An Interview with Brian O'Neill, Author of the *New Cassandra Refcard*
Brian leads design and development of a Master Data Management (MDM) solution for the Health Market industry. The solution runs on a Big Data platform powered by Cassandra. Brian recently contributed a Refcard on Cassandra to DZone.
DZone: What do you see as the elements of a Big Data Platform?
Brian: Big Data means different things to different people. For me, there are three dimensions. Sometimes Big Data relates to the shear volume of data. Often the data has grown large enough to require a distributed storage mechanism. For others, Big Data relates to processing time. The velocity at which the system needs to operate mandates distributed processing. Yet others, relate Big Data to the flexibility to accommodate a variety of data. A complete Big Data platform addresses all three of these dimensions.
DZone: Why did you select Cassandra?
Brian: We need to support both variety and velocity. Our system processes data from thousands of disparate sources. Each source can have a different schema that can change over time. Applying fuzzy matching to connect entities across those sources, consolidating the information and producing analytics requires a tremendous amount of processing time. Even though almost all of the NoSQL databases support the variety of data in our sources, Cassandra (and Datastax Enterprise), with Hadoop tightly integrated, seemed to best support the distributed processing we required.
DZone: Specifically, how did you setup the distributed processing?
Brian: Initially we explored a Datastax Enterprise-like solution, where we configured Hadoop on each node that ran Cassandra. This collocated the processing with the data on which it operated. We ran Map/Reduce jobs across the cluster analyzing the data in batches as it changed. This sufficed, but we were striving to react in near real-time.
We switched from Hadoop to Storm as our processing engine. We built and open-sourced a bolt that enables writes to Cassandra from a Storm Topology. Similar to Hadoop, we ran Storm on each Cassandra node. This allowed us to distribute the processing, but eliminated the need to batch process everything. Instead, we could react to changes in near real-time.
DZone: What about reporting on Big Data?
Brian: We evaluated many of the new reporting solutions that claim Big Data support, but we found that many of them relied on batch processing under the hood. Given our desire to react in near real-time, that wasn't going to cut it. Additionally, we wanted support for ad hoc queries, not just canned reports. It seems relational databases still have a leg up in this arena. To achieve what we needed, we decided to keep our tried-and-true relational databases in our Big Data platform.
To loop them in, we extended Cassandra with support for triggers. Using triggers, we could react to changes in Cassandra, reflecting the data in the relational database, without altering the client code. Essentially, this allowed us to support ad hoc queries and report on data in Cassandra.

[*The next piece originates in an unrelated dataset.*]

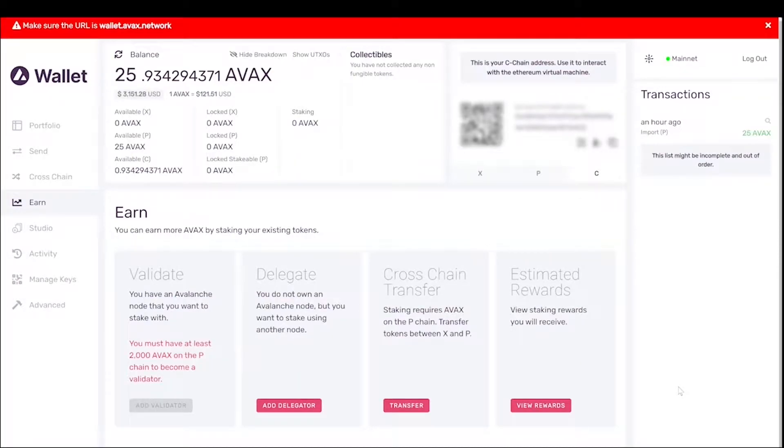Ladies and gentlemen, boys and girls, thank you all for joining me again. I'm going to show you guys a quick tutorial on how to earn AVAX using the AVAX wallet.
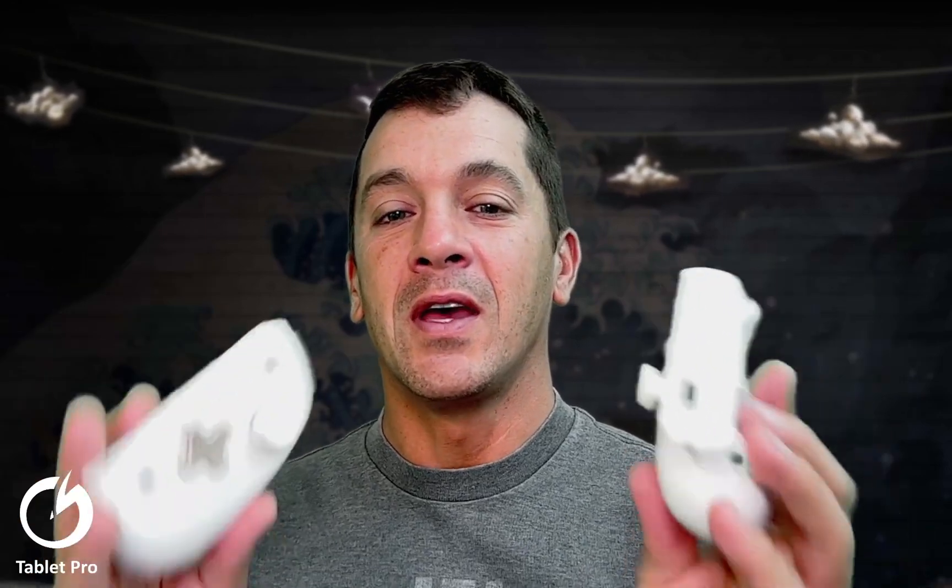Hi, this is Justice with Tablet Pro. I'm going to be talking about using a Switch controller, Joy-Cons, as an Xbox One controller, a single Xbox One controller on your PC.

DZone: Did you have to integrate with any other persistence systems?
Brian: Yes. I think Polyglot persistence is becoming the norm. For us, it is no different. We need to be able to search unstructured data in our Big Data platform. For this, we again leveraged triggers to index the data in Cassandra with SOLR. It is still very much a work in progress, but we expect to use this same pattern to integrate with other persistence mechanisms such as Neo4j.

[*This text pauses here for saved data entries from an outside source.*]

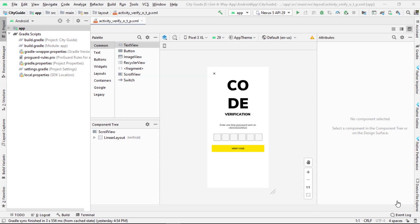Asalaamu alaikum, my name is Daimu Sekandar and welcome back to another series of City Guide Application. Today we are going to start the Firebase series and the first video is going to be how to set up Firebase in Android Studio.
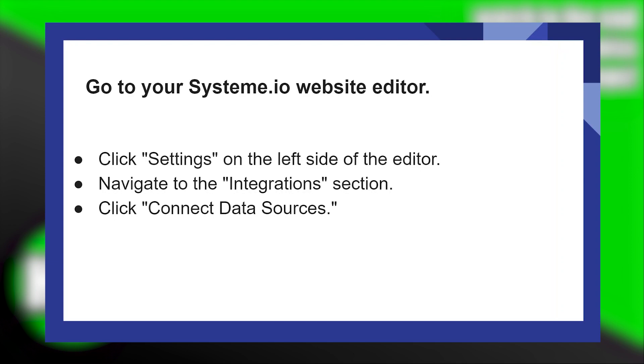First of all, go to your System.io website editor. Then click on Settings on the left side of the editor. Navigate to the Integrations section.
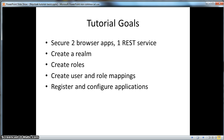In this tutorial we are going to secure two browser applications and one RESTful web service with KeyCloak. To do that we will create a realm, some roles for that realm, we'll create a user, we'll assign some role mappings to that user, and then finally we will register and configure the applications that are being secured by this demonstration.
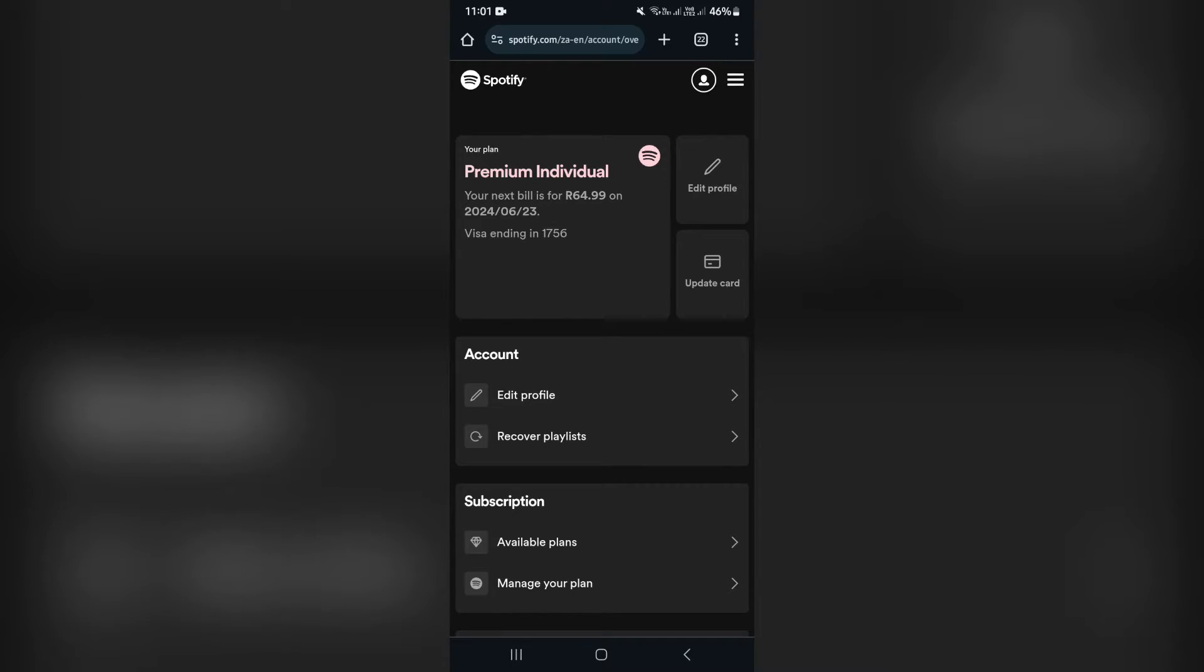You will have to have a Spotify premium account for this. You cannot do this on a free account because you will not have any payment to make.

Also, to ease the integration of Cassandra into our Polyglot persistence architecture, we implemented Virgil, a REST layer for Cassandra. The REST layer allowed us to integrate Cassandra using the same approach we used for the other persistence layers. SOLR and Neo4j both use REST. With Virgil, we could use REST with Cassandra too.
DZone: Any challenges in deploying and operating a Big Data platform?
Brian: Cassandra is remarkably easy to setup and administer. This weighed heavily into our decision to use Cassandra. Even in its simplicity however, we paid careful attention to Devops along the way. We took advantage of the tooling and educational courses that Datastax provides. Additionally, we made sure our deployment was automated entirely using Puppet. In Cassandra, configuration (e.g. consistency-levels) is critical to both the infrastructure and the application. Having puppet scripts allowed us to provision environments rapidly, and allowed development and IT to co-develop the configuration across those environments.
DZone: We noticed a shift in terminology used by Cassandra for its data model, any comment?
Brian: Cassandra has used its own terminology for structures in its data model. Specifically, Cassandra uses the terms keyspace and column family to represent constructs similar to the well-known concepts of schema and table respectively. This steepened the learning curve for people transitioning from other systems. To lower that curve, the community decided to change the terminology. It will take a while for all the touch-points to catch up (client APIs, tools, etc.), but in the end it makes sense to align terminology. It makes Cassandra more SQL-friendly and paves the way for easier assimilation into the broader ecosystem of data management tools (ETL, BI, etc).
DZone: Thanks for taking the time, Brian.
Brian: My pleasure DZone, enjoy the RefCard.